PROBLEM DETAILS>
Starting with the line that has "Two Hampton Bays Exterior Coach Lanterns" in the records below and stopping after the line that has "Rioglass Solar suministra", output every line exactly and nothing else; skip pictures.

[Items listed in a dataset]
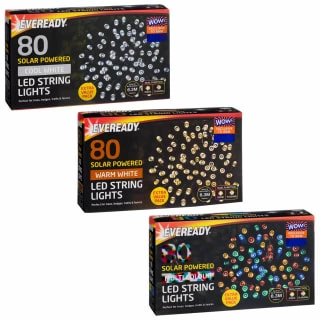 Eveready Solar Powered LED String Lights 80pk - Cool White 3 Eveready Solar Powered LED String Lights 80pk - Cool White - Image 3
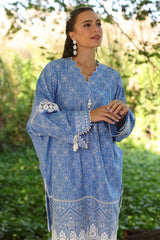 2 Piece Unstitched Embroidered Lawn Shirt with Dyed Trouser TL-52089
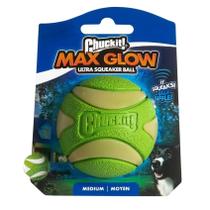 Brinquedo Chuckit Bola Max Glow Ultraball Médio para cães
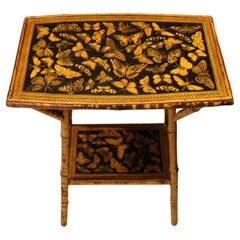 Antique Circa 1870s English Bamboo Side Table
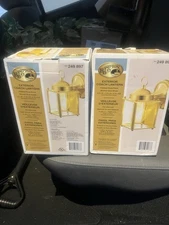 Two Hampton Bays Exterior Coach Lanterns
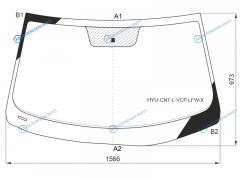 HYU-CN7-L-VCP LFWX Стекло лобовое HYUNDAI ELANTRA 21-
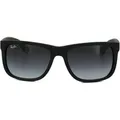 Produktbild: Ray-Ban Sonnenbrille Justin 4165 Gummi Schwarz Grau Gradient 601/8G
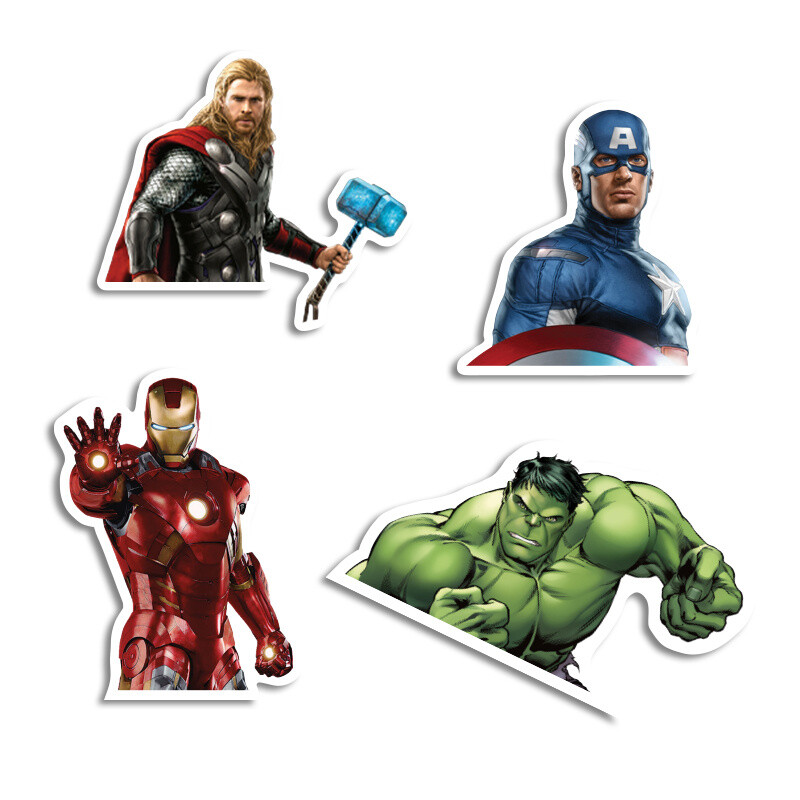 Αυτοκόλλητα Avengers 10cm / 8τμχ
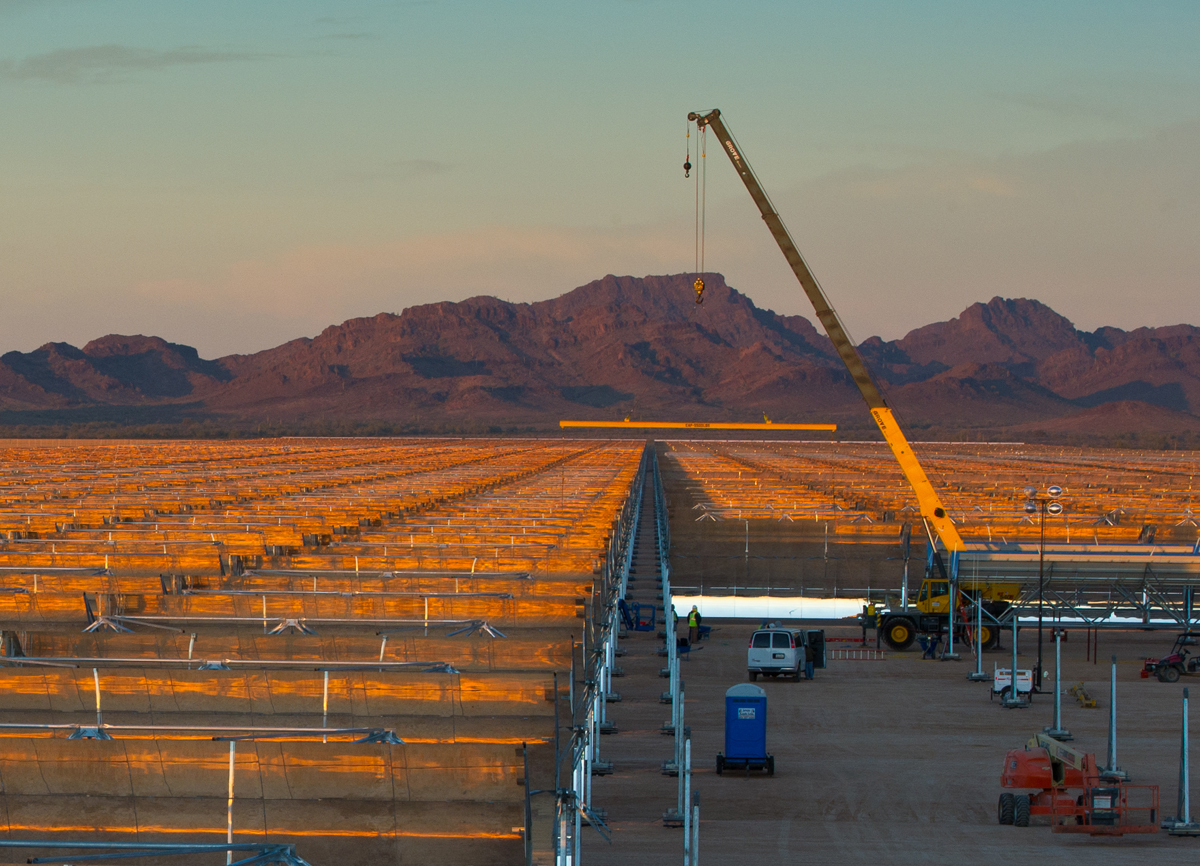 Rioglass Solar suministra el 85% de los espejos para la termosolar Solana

* * *

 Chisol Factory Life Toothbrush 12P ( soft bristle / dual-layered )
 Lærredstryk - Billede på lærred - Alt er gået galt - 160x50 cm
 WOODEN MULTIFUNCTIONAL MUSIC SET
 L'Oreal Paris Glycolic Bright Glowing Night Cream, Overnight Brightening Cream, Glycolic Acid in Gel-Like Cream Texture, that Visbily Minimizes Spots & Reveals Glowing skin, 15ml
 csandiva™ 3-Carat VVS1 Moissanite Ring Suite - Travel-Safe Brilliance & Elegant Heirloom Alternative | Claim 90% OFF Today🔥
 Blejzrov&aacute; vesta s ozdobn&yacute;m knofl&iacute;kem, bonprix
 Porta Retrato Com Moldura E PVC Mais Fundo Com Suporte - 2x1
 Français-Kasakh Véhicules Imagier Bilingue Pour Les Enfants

EXERCISE OUTPUT>
 Two Hampton Bays Exterior Coach Lanterns
 HYU-CN7-L-VCP LFWX Стекло лобовое HYUNDAI ELANTRA 21-
 Produktbild: Ray-Ban Sonnenbrille Justin 4165 Gummi Schwarz Grau Gradient 601/8G
 Αυτοκόλλητα Avengers 10cm / 8τμχ
 Rioglass Solar suministra el 85% de los espejos para la termosolar Solana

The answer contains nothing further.